Write a function that returns the FRES of a text. To help you in this exercise, below is a simple function that you can use to approximate the number of syllables in a word. This function is based on the calculation of the word length used for the [Porter stemmer](https://tartarus.org/martin/PorterStemmer/def.txt):

In [30]:
import re
VC = re.compile('[aeiou]+[^aeiou]+', re.I)
def count_syllables(word):
    return len(VC.findall(word))

### Advanced task (2 marks)

During the last practical exercises of week 1 you were asked to identify all the cardinal numbers in a list of tokens. In this advanced task, you will need to identify all the **ordinal numbers** such as "first", "22nd", etc. We will use the Brown corpus, which, as you know, is annotated with the parts of speech. The Brown corpus tags for ordinal numbers begin with 'OD'. The following code counts all the tokens tagged as ordinal numbers in the "news" section of NLTK's Brown corpus:

In [2]:
nltk.download('brown')
tagged = nltk.corpus.brown.tagged_words(categories='news')

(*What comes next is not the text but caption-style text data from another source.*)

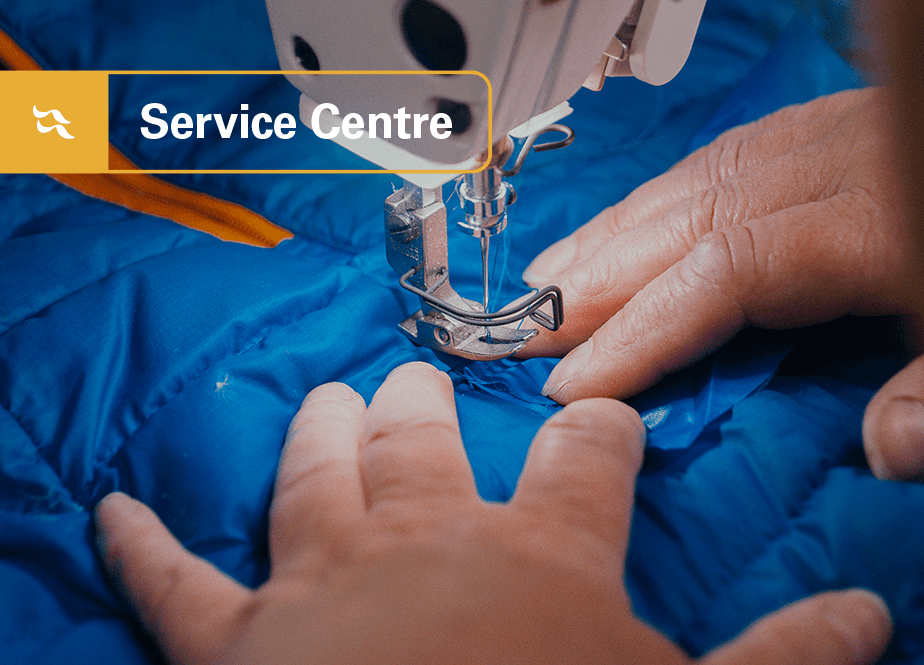 An insulated jacket being repaired with Service Centre logo inset.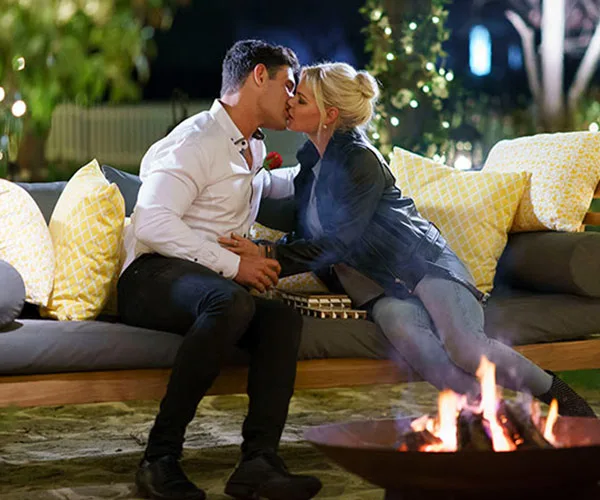 A couple kissing on an outdoor couch by a fire pit, surrounded by cushions, in a warm and romantic setting.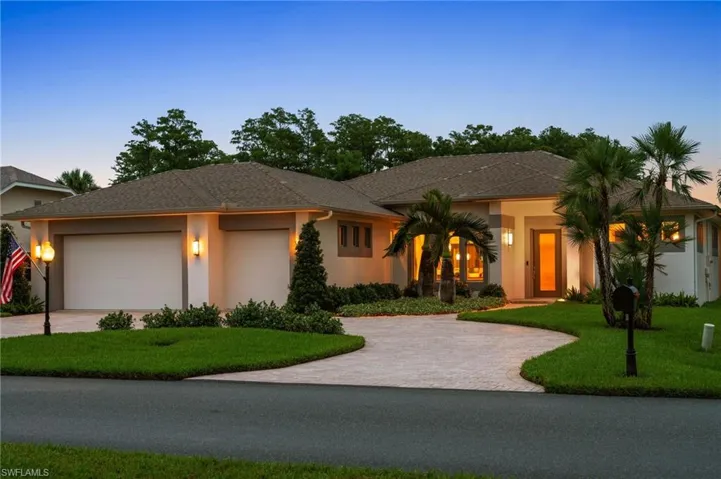 wilight view of front of home with Paver Brick Circle Drive and 3 Car Garage.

[nltk_data] Downloading package brown to /root/nltk_data...
[nltk_data]   Unzipping corpora/brown.zip.


In [4]:
import collections
c = collections.Counter([t for w, t in tagged if t[:2] == 'OD'])
c

Counter({'OD': 309, 'OD-HL': 1, 'OD-TL': 30})

Implement a function that annotates all ordinal numbers with 'OD' and everything else with the empty string ''. As an example to get you started, you can reuse this code which uses a simple regular expression that tags all tokens that end in 'st' ,'nd', 'rd' and 'th'. The function will correctly label words such as 'first' and 'fifth' but it will incorrectly label words like 'tooth' and 'and':

In [5]:
import re
regexp = re.compile('.*(st|nd|rd|th)$')
def annotateOD(listoftokens):
    result = []
    for t in listoftokens:
        if regexp.match(t):
            result.append((t, 'OD'))
        else:
            result.append((t, ''))
    return result

In [6]:
annotateOD("the second tooth".split())

[('the', ''), ('second', 'OD'), ('tooth', 'OD')]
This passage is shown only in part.